> _Work task_: Check each line of the records below for the word "Back" and copy those where it appears.

> _Recorded data_:
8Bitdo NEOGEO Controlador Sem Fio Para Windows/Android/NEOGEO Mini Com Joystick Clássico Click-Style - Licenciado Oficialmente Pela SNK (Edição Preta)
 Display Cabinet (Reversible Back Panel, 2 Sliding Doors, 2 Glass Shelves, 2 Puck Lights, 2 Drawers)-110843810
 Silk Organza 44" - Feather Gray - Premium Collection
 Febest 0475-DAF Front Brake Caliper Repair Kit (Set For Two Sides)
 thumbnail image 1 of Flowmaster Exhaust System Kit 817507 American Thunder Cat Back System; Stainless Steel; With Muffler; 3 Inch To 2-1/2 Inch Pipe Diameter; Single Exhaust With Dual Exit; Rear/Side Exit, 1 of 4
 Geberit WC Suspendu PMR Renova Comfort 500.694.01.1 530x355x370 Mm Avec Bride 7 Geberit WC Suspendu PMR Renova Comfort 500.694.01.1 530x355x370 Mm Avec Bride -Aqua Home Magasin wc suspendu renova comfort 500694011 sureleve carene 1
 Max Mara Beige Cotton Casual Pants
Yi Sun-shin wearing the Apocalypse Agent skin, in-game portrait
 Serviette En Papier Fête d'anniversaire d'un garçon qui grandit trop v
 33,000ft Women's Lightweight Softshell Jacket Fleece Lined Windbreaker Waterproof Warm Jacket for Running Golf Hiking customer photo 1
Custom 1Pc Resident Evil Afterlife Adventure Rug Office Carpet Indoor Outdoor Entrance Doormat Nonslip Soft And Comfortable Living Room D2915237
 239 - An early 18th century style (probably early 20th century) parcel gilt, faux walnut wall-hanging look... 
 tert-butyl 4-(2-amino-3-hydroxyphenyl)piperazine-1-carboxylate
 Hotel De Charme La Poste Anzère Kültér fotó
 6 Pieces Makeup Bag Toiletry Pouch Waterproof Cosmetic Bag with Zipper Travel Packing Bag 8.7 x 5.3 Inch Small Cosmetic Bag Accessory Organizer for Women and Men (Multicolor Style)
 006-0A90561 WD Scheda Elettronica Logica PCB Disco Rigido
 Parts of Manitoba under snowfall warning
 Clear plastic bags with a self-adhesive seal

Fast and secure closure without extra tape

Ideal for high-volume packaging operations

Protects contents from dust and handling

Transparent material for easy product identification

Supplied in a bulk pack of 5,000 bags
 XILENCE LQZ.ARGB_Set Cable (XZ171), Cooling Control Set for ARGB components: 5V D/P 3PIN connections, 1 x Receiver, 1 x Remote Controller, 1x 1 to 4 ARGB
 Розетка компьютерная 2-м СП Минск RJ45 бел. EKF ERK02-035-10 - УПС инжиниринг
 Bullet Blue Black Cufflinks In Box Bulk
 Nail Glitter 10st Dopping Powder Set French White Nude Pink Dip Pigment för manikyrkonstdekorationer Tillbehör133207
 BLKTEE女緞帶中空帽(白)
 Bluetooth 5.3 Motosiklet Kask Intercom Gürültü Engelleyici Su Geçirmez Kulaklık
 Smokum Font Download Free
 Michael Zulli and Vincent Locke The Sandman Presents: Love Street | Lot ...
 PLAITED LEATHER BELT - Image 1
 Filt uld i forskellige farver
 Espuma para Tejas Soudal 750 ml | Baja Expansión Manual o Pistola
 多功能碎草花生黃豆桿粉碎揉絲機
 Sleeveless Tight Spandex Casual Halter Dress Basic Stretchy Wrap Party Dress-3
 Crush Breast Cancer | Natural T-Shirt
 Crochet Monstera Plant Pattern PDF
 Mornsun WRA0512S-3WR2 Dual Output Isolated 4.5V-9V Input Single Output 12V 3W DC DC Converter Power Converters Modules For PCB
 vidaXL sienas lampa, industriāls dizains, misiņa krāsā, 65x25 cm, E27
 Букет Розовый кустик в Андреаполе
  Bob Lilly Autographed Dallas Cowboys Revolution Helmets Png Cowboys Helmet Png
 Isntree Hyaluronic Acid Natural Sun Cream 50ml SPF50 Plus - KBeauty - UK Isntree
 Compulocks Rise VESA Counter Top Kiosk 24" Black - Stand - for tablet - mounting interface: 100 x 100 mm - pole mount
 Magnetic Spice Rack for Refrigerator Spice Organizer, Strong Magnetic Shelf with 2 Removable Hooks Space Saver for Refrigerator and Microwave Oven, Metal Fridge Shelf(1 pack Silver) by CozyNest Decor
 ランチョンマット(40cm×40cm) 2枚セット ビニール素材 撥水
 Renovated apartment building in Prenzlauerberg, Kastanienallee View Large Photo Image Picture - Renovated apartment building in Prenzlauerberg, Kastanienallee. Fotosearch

> _Answer area_:
 Display Cabinet (Reversible Back Panel, 2 Sliding Doors, 2 Glass Shelves, 2 Puck Lights, 2 Drawers)-110843810
 thumbnail image 1 of Flowmaster Exhaust System Kit 817507 American Thunder Cat Back System; Stainless Steel; With Muffler; 3 Inch To 2-1/2 Inch Pipe Diameter; Single Exhaust With Dual Exit; Rear/Side Exit, 1 of 4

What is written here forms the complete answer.